It’s a common refrain of the personal trainers on fitness programs I follow: your embodied experience will follow the story you tell yourself. That is, whatever you focus on will become your reality. Tell yourself that you hate working out or that getting hot and sweaty is a sign that you’re close to dying, and you will struggle to finish that day’s workout. On the other hand, focus on how much stronger you’re feeling than before and how fantastic you’re going to feel at the end of this, and you will find energy to meet the demands of the workout.
This idea that our focus determines our trajectory is not a new one. Think of all the times in scripture when the Israelites are instructed to rehearse the story of God’s faithfulness. They do this through feasts and festivals, some practiced weekly and others annually or over a rhythm of several years. There are many reasons for this, but the one that seems significant for me is this idea of regularly refocusing on the truths that will shape the way they move forward.
In the ceramics studio this week, I was practising a technique called sgraffito. This is when the clay is glazed and then marked using sharp tools with differently shaped ends. The tools are used to pull off the surface of the coloured clay, in lines or swirls or other patterns, so that a design emerges. It struck me as I looked at various examples that, depending on where you put your focus, the design could be seen either in the colour of the glaze that remains on the pot or in the natural colour of the clay that is revealed when the pattern is removed.
Again, this reminds me that we can choose to see one side of a reality or the other. Partly this is a result of our personal experiences, our family or wider culture, and the narrative we have been told or have told ourselves.

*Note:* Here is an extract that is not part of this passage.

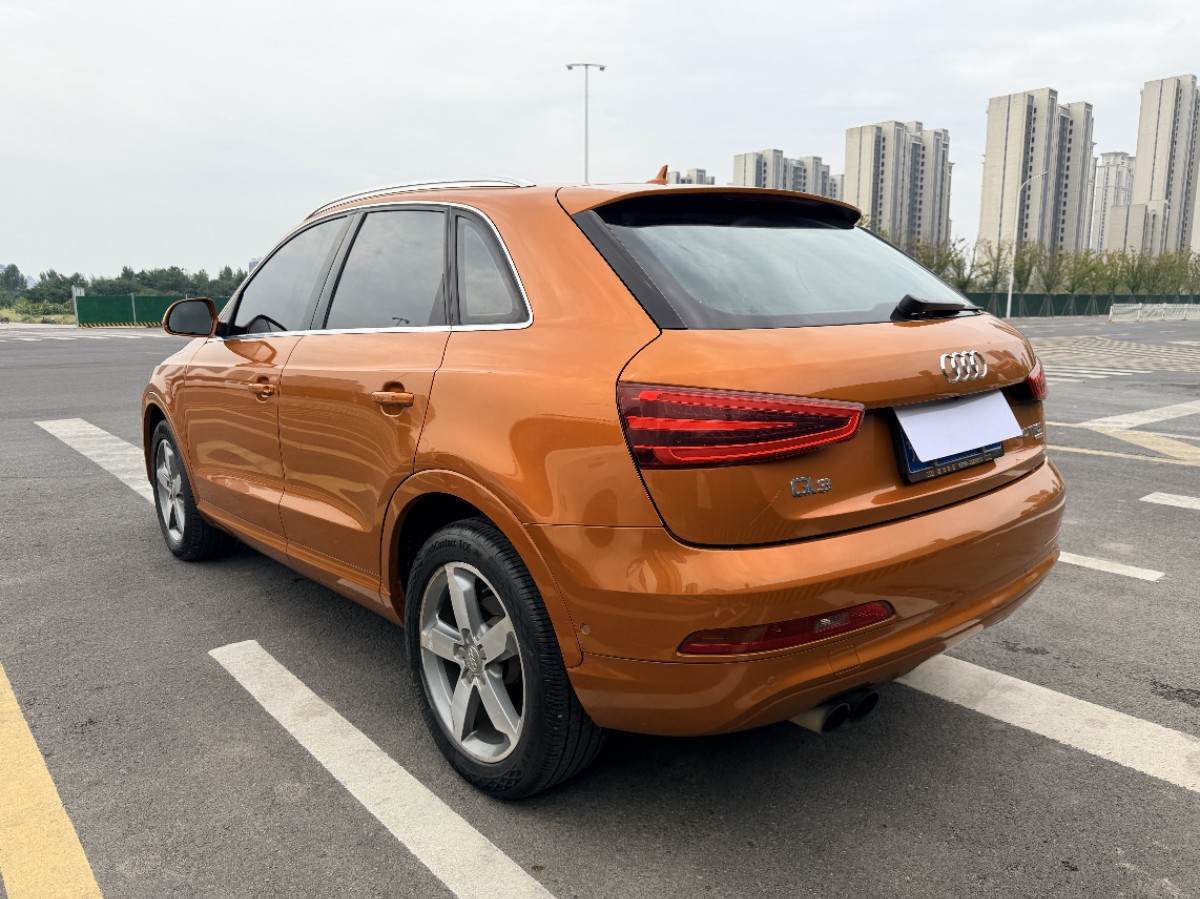 Audi Q3 2014 car image #7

Interestingly, on the way to the studio I was listening to a podcast in which the author Ali Smith was interviewed. Her book, How to be Both, has been published in two alternative formats, one beginning with the story of one of the main characters and the other structured to start with the story of another main character. Both publications have exactly the same story, told in a different order. And time after time, readers of the books have said that they read both versions but could never completely get away from whichever telling they read first.